Conditioned medium from cancer cells was collected and utilized to culture HUVECs (2 × 104 cells) on a layer of previously polymerized growth factor-reduced extracellular matrix (Geltrex)(Invitrogen, Carlsbad, CA) in 6-well culture plates. After 6 h, HUVEC culture well was photographed through a phase contrast microscope to assess changes in HUVEC morphology and capillary-like tube formation. The extent of tube formation was quantified by counting the number of uninhibited polygonal tube-like structures in five randomly selected microscopic fields.
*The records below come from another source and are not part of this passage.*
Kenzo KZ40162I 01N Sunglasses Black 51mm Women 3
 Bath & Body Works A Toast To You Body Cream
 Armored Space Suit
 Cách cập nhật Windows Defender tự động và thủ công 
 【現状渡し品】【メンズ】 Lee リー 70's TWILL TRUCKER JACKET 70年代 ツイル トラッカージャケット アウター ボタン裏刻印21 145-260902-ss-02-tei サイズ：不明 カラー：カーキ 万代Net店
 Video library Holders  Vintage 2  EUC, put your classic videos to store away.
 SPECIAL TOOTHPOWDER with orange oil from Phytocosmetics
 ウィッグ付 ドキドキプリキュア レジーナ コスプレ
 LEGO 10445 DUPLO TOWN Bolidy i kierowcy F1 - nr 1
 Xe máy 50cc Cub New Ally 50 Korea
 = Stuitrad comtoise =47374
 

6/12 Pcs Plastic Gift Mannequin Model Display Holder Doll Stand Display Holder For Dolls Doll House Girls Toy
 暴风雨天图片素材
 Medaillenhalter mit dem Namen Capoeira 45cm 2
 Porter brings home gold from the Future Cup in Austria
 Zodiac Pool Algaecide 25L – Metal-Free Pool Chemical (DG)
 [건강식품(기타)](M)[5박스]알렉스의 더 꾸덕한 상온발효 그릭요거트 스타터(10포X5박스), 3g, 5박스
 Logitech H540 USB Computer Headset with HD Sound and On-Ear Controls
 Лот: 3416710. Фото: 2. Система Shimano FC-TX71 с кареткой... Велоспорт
In vivo tumor development in a Xenograft model

Animal experiments were performed following all guidelines in accordance with Institutional Animal Care and Use Committee (IACUC) protocol approved by Boston Children’s Hospital. 786-0 cells (1 × 106 cells/mice) were injected subcutaneously into the flanks of six-week old immunodeficient (nude) mice (NU/J, Jackson Laboratory, Bar Harbor, ME). Once palpable tumors were formed, mice were randomly distributed to different treatment groups as described. CsA and HNK were diluted in normal saline to reach the desired concentration before injection. Tumor volume was measured using digital caliper measurements obtained at regular intervals. The volume was estimated by following standard method, using the formula V = π/6 × a 2 × b where a is the short axis and b is the long tumor axis. At the end of the study, tumors were excised and processed for further studies.

Immunohistochemistry

Tumor xenografts were excised and rapidly frozen in OCT compound (Tissue-Tek, Torrance, CA) and tumor tissue sections were cut on a cryostat (Leica, Buffalo Grove, IL). Following standard protocols, the sections were processed for immunolabeling with anti-CD31 (1:50 dilution) (Abcam, Cambridge, MA), anti-phospho-c-Met (1:300 dilution), total-Met (1:300 dilution) (Cell Signaling, Danvers, MA) or anti-HO-1 (1:50 dilution) (Novus Biologicals, Littleton, CO); and subsequently labelled with a species-specific horseradish peroxidase-conjugateed secondary antibody. In tissue sections stained with anti-CD31 antibody, mean vessel density was calculated by standard grid counting method at x400 magnification.

Statistical analysis

Changes in mean tumor volume were compared by two-way repeated-measures analysis of variance (ANOVA) to test for differences in slopes between the treatment groups over time using the group-by-time interaction F-test. Fit to the data in handling tumor volume measurements from the same animal at the serial time points was accounted for using a compound symmetry covariance structure in the mixed-model longitudinal approach and this provided excellent fit to the data, as judged by the Akaike information criterion (AIC). Data are presented as mean and standard deviation (SD). Power analysis indicated that sample sizes of n = 5 mice per group will provide 80% statistical power (2-tailed α = 0.05, β = 0.20) to detect significant differences of 50% or more in tumor volume between the groups. Statistical analysis was performed using SPSS software version 23 (IBM Corporation, Armonk, NY). Conservative two-tailed values of p < 0.01 were considered statistically significant in order to protect against type I errors due to multiple group comparisons. For in vitro experiments, statistical significance was determined by Student’s t test. Differences with p < 0.05 were considered statistically significant.